I confess. I am a bad person. Instead of focusing on the great news issues of the day -- the possibility of bombing Iran or the Russian presidential elections or David Cameron's equine proclivities -- I am brooding on the trivial issue of English grammar.

I have been moved so to brood by an article in (where else?) the Guardian by writer and broadcaster Michael Rosen who has tried to persuade us that "there's no such thing as correct grammar". To be fair, that phrase has been added as a headline and does not appear in his article. But the headline not unreasonably sums up his point:

“Whereas linguists are agreed that language has grammar, what they can't agree on is how to describe it. So, while there is a minimum agreement that language is a system with parts that function in relation to each other, there is no universal agreement on how the parts and the functions should be analysed and described, nor indeed if they should be described as some kind of self-sealed system or whether they should always be described in terms of the users, ie those who "utter" the language, and those who "receive" it (speakers and listeners, writers and readers etc).”

                                                                                                                                                       

The article is in fact a poke at Martin Gwynne who has taken to giving presentations on English grammar at Selfridges in London. An activity seen by Michael Rosen as crassly elitist:

“People attending his classes will feel immensely pleased that they have been told what's right and will probably spend a good deal of time telling other people they meet or read where and how they are wrong. This is not a neutral activity. It is part of how a certain caste of people have staked a claim over literacy. In effect, they state over and over again that literacy belongs to them. Other people (the wrong ones) have less of it or none of it. If we are serious about enabling those who want to acquire what we have called standard English then first we should be honest about change and its lack of encoded rules.”

What to make of this claim that grammar lacks "encoded rules"? First, the trivial logic point. It does not follow that because a language evolves and is necessarily always changing, there is not at any one time a coherent and identifiable set of rules.

Take Michael Rosen's own article. Nitpickers and pedants could rummage around in it and find certain grammatical infelicities. My computer’s Grammar Check picks up a few. But overwhelmingly his article sticks to a well-defined set of rules and linguistic conventions. In fact it reads smoothly and cogently. So does almost every other article on the Guardian website. Each of them is following impeccably not only the main conventions of English grammar but also countless points of tiny grammatical detail.

This has not happened by chance. It is because our English grammar rules have emerged and been codified over a period of centuries, and then adopted by all educated people. The fact that some people, no doubt an increasing number of them, have not mastered these rules or can't follow them doesn't mean that the rules don't exist or do not apply in mainstream English communication. They do.

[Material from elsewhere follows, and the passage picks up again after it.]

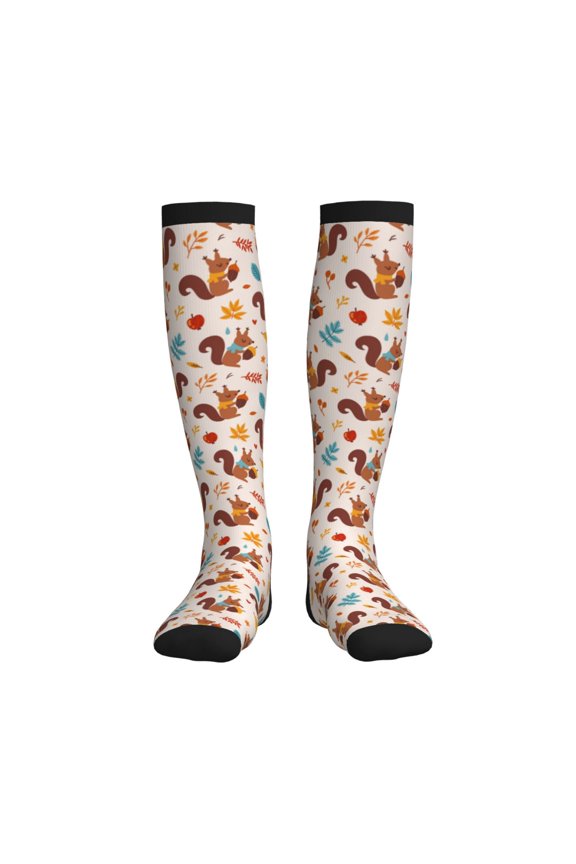 Forest Squirrel Nuts Printed Sports Compression Socks - 15-20mmHg Graduated Compression, High-Performance Soft and Breathable Socks for Men and Women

The really disturbing aspect of this article lies elsewhere. It gives comfort to the proposition that good education and acquiring top-level skills in communication somehow don't matter. It's all relative! If you want to speak and write ungrammatically, that's fine. Nay, it is more than fine. You're involved in a revolutionary struggle, fighting back against all those 1% elitists in Selfridges who have arrogated to themselves the right to "stake a claim over literacy".